From the Star Ledger:
Bergen County residents are earning less, spending more time commuting to work and have seen their homes continue decrease in value – a trend that began after the Great Recession of 2008.
But according to the annual release of data by the U.S. Census Bureau, residents in the most populous county in New Jersey fare better than their counterparts in other counties in the state and nation when it comes to income and home values.
The median household income in Bergen County was $85,806 in 2011-2015, a 4.1 percent decline from 2005-09 when median income was about $3,646 more. Statewide, the median household income was $72,093 – a nearly 5 percent decline over 2005-2009.
Bergen County municipalities with the highest incomes include Upper Saddle River ($169,301); Demarest ($163,571); and Ho Ho Kus ($162,386).
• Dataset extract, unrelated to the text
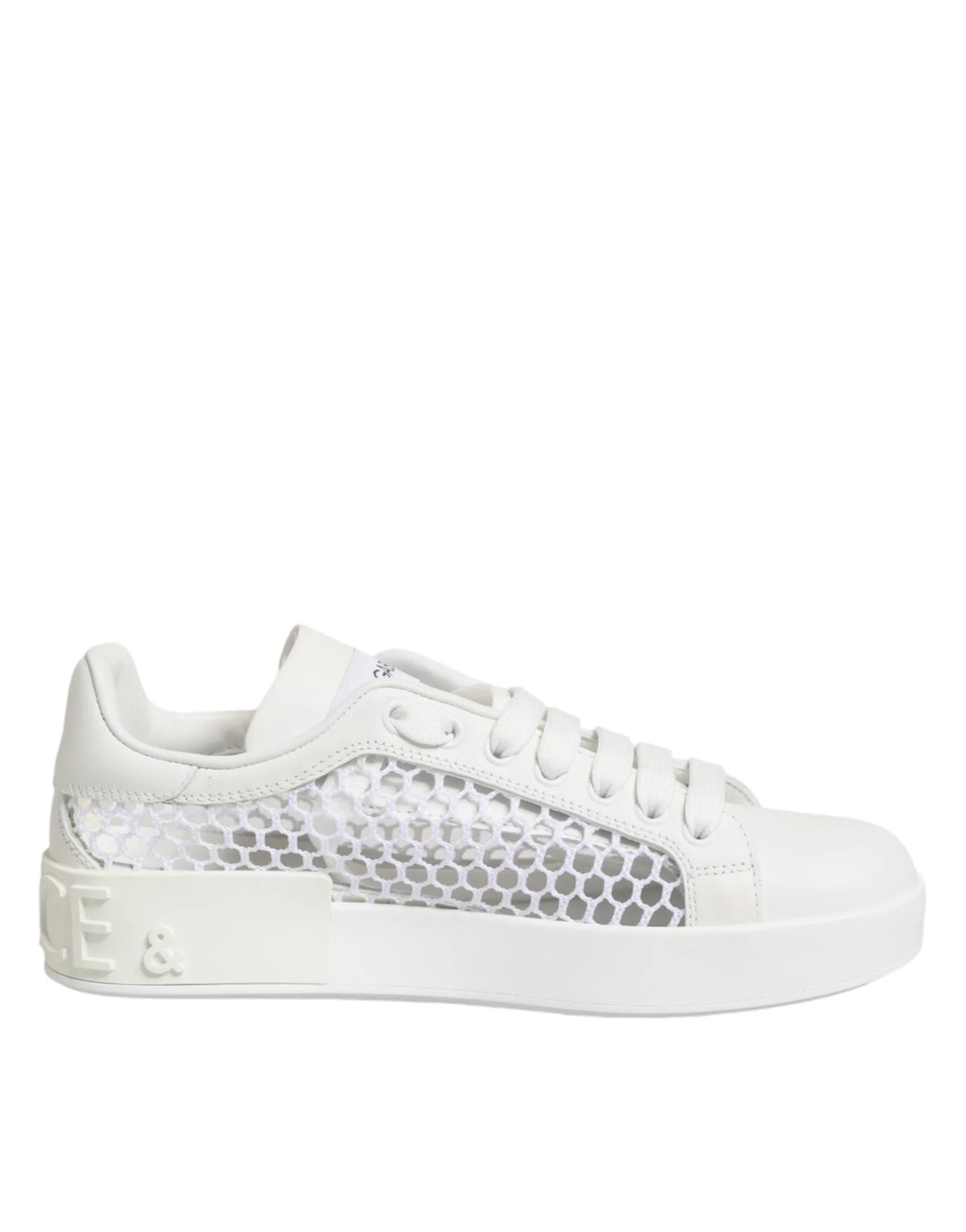 Dolce & Gabbana White Mesh Inserts Low Top Sneakers Shoes - Sneakers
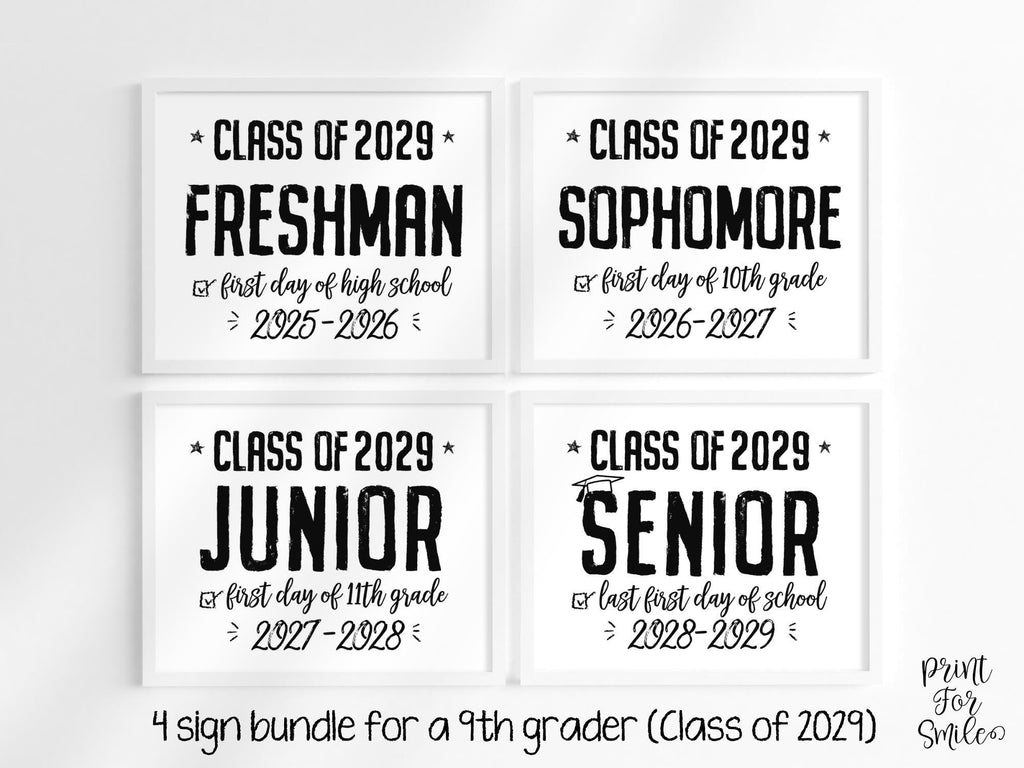 4 First Day Of Freshman Year Sign BUNDLE, High School Signs, Class Of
Municipalities with the lowest incomes include Garfield ($45,469); Lodi ($50,774); and Fairveiw ($53,846).
Home values in the county declined by 8.5 percent with homes worth $41,300 less in 2011-2015 than the period before. Statewide, homes were worth nearly 20 percent less in 2011-2015 than in 2005-2009.
A downturn in housing swept New Jersey a decade ago, and many homeowners in Bergen County are reluctant to sell at current prices. A recent analysis by The Record found that median home values in North Jersey in 2016 were about where they were in late 2003 or early 2004.
Nearly every town in Bergen County saw drops in home prices, according to the latest data. But the hardest-hit towns were those that already had weak home values.